BEŁKOT, CZŁOWIEKU TO CO NAPISAŁEŚ TO JEDEN WIELKI BEŁKOT - TAKA LOGIKA SPOWODUJE, ŻE ZAWSZE WJEDZIE TEN Z LEWEJ - TO WCHODZĄC DO SKLEPU WPUSZCZAJ DO KASY ZAWSZE TRZECIĄ OSOBĘ. POZIOM W TYM MIESCIE CO RAZ GORSZY...
W oczekiwaniu na prom kierowcy powinni otrzymywać chłodne bezalkoholowe piwko. Po wjeździe na prom następne piwko a załoga promu wyczyści przednią szybę. W czasie rejsu Prezydent miasta będzie rozdawał bezpłatne wejściówki na Flotę. Jeszcze jakieś życzenia?
To bardziej chodzi o przeprawę po stronie Warszowa, bo po stronie Świnoujścia wszyscy stojący obok siebie wchodzą na jeden prom a ci którzy nadjeżdżają widzą na który pas stanąć, po stronie Warszowa jak nie masz farta to różnica jest 4 samochody a to często decyduje czy zostajesz czy wjeżdżasz
Wpis został usunięty ze względu na złamanie prawa lub regulaminu serwisu przez użytkownika/Admin
hehe jaki innowator sie znalazl, a kierowcy i tak na chama jada, robia swoje i wywalaja wszystko na cumownika lub marynarza, a co niektorzy potrafia tez kapitana zdenerwowac, lub wykonują telefon do dyrektora na niewinną osobę.Moze temu gosciowi damy popracować jako cumownik przez miesiąc, a potem niech opowiada jak sie pracowało z kierowcami idiotami
Też myślałam o tym że zaczynać wpuszczać na nowy prom powinno się zawsze od tej samej strony a nie tak jak skończył ładować poprzedni prom, jasne zasady to większy porządek :)
Wpis został usunięty ze względu na złamanie prawa lub regulaminu serwisu przez użytkownika/Admin
Gdy na promie jest karetka i blyska niebieskimi swiatlami, to dyrygent powinien najpierw wypuscic karetke jezeli stoi przy trapie wyjazdowym, a jezeli stoi w srodku promu, albo na koncu to powinien szybko wypuscic wszystkie auta, a nie pieszych, ktorzy potem jeszcze blokuja ulice na pasach. Jezeli dyrygent tego nie kuma, to kapitan powinien go poinstruowac.

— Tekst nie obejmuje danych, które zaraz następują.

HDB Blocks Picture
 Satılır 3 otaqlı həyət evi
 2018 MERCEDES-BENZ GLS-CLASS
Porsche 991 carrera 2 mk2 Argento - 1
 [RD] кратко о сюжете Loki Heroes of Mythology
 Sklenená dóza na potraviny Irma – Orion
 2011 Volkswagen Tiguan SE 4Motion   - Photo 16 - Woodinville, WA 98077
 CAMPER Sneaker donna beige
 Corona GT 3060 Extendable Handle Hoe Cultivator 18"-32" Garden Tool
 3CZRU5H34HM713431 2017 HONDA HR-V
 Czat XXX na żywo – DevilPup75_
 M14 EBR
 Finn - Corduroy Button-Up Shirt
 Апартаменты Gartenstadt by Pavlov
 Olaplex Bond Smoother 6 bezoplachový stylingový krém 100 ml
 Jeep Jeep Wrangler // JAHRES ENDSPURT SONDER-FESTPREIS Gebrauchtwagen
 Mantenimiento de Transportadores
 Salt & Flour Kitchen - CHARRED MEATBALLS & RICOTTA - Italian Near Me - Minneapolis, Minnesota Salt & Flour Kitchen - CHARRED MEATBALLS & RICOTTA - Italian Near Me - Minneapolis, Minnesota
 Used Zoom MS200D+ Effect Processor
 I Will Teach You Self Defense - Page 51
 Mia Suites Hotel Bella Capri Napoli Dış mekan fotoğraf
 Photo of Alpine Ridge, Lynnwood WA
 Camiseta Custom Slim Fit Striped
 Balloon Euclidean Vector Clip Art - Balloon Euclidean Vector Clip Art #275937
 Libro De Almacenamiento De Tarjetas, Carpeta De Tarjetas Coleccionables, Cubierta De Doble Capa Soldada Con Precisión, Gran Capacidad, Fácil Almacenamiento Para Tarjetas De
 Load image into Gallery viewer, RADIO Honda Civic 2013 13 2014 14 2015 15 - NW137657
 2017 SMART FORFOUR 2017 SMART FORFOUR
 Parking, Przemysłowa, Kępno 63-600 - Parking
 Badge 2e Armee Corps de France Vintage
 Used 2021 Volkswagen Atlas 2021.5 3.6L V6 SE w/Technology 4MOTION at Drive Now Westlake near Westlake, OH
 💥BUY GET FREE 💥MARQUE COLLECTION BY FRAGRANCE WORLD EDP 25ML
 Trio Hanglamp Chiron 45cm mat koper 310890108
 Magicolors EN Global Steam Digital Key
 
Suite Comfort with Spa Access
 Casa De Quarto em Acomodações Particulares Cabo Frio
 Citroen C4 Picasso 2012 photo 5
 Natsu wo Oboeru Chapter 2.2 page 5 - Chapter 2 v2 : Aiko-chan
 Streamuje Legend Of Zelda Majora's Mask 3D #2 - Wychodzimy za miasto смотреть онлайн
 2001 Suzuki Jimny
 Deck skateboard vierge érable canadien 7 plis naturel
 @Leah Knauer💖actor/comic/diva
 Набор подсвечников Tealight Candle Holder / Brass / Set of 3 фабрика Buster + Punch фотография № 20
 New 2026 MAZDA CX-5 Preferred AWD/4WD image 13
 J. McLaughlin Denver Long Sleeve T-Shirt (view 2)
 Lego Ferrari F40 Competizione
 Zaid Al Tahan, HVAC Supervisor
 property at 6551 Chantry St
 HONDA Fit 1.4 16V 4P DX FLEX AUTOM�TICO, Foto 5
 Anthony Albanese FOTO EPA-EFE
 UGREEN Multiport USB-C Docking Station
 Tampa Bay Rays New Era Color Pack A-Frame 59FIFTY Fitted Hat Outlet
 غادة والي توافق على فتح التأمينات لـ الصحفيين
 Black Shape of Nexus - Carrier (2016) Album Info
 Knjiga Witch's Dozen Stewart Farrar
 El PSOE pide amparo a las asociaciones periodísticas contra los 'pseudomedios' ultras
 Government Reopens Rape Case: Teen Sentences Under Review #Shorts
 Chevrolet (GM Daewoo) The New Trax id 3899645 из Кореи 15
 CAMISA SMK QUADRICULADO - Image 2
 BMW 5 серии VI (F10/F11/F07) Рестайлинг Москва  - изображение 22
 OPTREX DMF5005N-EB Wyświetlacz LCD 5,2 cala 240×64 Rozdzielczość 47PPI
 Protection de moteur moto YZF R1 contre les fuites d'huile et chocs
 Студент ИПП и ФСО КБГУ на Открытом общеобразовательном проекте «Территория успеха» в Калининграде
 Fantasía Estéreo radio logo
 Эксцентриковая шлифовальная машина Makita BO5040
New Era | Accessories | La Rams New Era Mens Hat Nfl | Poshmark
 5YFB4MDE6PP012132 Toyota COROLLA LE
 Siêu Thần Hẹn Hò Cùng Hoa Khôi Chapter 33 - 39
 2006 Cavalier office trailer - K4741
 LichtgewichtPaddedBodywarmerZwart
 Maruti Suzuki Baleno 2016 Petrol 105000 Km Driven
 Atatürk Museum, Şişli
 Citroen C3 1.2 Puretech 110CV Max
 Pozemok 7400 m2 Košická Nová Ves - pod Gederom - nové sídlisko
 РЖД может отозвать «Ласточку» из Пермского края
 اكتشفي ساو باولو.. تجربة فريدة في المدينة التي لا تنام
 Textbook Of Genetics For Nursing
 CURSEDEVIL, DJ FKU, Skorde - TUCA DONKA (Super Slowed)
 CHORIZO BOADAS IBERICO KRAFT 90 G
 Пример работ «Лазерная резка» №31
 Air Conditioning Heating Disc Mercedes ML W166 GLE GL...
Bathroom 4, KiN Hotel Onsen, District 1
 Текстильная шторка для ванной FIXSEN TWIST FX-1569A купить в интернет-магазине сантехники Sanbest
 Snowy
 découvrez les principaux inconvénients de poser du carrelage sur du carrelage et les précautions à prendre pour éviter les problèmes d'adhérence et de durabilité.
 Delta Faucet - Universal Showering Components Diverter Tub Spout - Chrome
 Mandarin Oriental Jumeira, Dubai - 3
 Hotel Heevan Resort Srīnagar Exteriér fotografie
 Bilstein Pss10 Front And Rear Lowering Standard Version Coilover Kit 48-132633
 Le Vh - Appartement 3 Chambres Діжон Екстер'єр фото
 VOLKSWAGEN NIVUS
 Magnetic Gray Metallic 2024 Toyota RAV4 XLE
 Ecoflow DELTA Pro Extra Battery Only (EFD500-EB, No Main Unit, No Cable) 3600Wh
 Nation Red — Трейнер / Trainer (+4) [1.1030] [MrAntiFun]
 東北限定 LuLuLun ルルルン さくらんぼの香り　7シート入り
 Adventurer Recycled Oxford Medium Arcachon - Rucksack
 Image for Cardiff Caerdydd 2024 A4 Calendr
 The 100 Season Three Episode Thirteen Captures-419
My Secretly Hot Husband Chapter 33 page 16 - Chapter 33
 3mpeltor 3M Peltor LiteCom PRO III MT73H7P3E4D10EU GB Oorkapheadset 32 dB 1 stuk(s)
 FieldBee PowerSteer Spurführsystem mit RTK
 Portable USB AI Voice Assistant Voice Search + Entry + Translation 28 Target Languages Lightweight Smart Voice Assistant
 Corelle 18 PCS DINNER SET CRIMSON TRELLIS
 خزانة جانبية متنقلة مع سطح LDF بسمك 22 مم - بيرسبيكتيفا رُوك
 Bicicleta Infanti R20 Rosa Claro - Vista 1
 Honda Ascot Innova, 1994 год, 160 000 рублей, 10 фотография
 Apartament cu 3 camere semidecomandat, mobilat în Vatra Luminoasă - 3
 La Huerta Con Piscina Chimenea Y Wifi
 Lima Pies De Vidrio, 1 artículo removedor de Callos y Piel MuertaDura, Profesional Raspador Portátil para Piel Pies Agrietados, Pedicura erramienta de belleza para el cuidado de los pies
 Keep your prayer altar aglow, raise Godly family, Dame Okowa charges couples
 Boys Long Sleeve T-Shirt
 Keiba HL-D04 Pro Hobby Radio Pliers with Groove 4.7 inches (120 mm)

zmyka żeby nie było widać że pił :)
Fakt, matoły, którym nie chce się podjechać 2-3 metrów wkruwiają na maksa
Ludzie nie macie czym się zajmować tylko takimi pierdołami ?
Opisany temat byl juz wczesniej poruszany na portalu iswinoujscie. I nic to nie dalo, dyrekcja Zeglugi Swinoujscie nic w tej sprawie nie zmienila. Moze teraz po wyborach cos sie zmieni?
W tym mieście nikt i nic nie musi drogi czytelniku !! Takiego chamstwa jak w tym mieście nie widziałem jeszcze nigdzie, trzeba się z tym pogodzić...
A po co mają marnować paliwo, bez sensu odpalając żeby podjechać dwa metry. Na promie trzeba się ustawić w odległości bezpiecznej, nie ma nigdzie sprecyzowane jaka to jest odległość, dla każdego może być inna. Za to marynarza powinni zamykać bramki na dziobie i rufie, tak że zmieści się o cztery samochody mniej !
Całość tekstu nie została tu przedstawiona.